Stephen Poloz, who was governor of the Bank of Canada during the 2018 talks that resulted in the US-Mexico-Canada Agreement, called the continental pact a essential “building block” that’s at the core of Canada’s investment and value proposition.   

“If we don’t have that tool as a little guy, we’re just not going to make it,” Poloz said Thursday in a BNN Bloomberg Television interview. The deal comes up for review in 2026, and Prime Minister Justin Trudeau’s government has begun mapping out its strategy — though much hinges on the result of the US election in November.

“We really have to invest a lot in that next negotiation,” Poloz added. “We shouldn’t be waiting in defensive mode, getting ready. We should be down there knocking on the door right now saying: ‘Here are our demands.’” 

Poloz is now an adviser at law firm Osler Hoskin & Harcourt and was tapped last month by Trudeau’s government to examine how Canadian pension funds can invest more at home.

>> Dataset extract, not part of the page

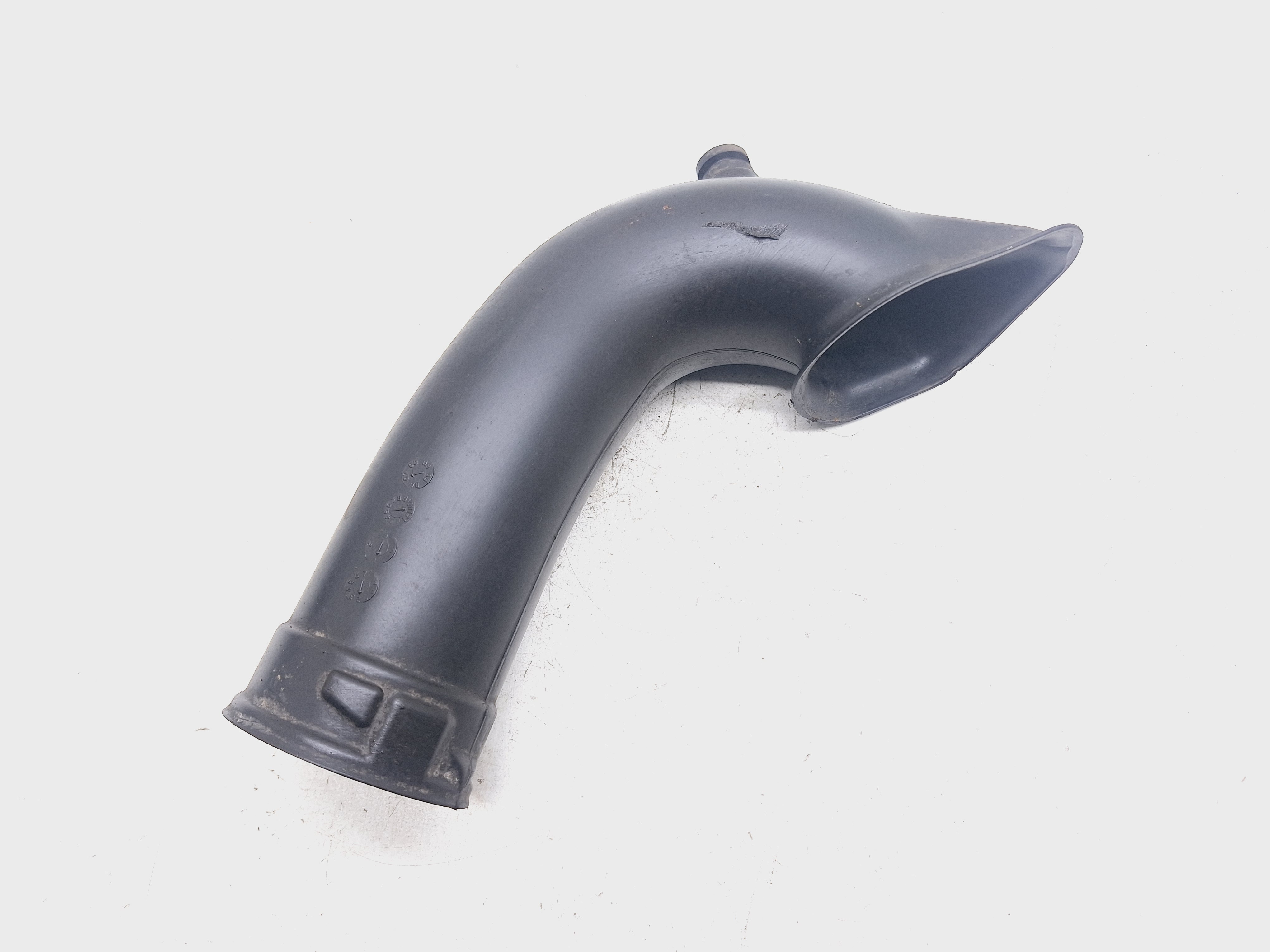 Mangueira Filtro Ar Honda Civic 1.8 Aut 2008 2009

He noted that when former President Donald Trump first emerged as a candidate vowing to “rip up” the North American trade pact, investment in Canada began to contract.

With Trump now taking another run at the White House, the “uncertainty still hasn’t gone away,” said Poloz, who ran the central bank from 2013 to 2020.

Canadian companies are already diverting capital from their domestic operations to focus on existing and new projects south of the border, Poloz added, which has been a “drain” on overall investment.  

Asked about his pension review, he said his working group wants to see a “clear and level playing field” so is looking for barriers and impediments to investments within the country. “If we can make improvements in that, then we can increase the scope for pensions to invest in Canada,” Poloz said, adding that “they already do invest quite a lot in Canada.”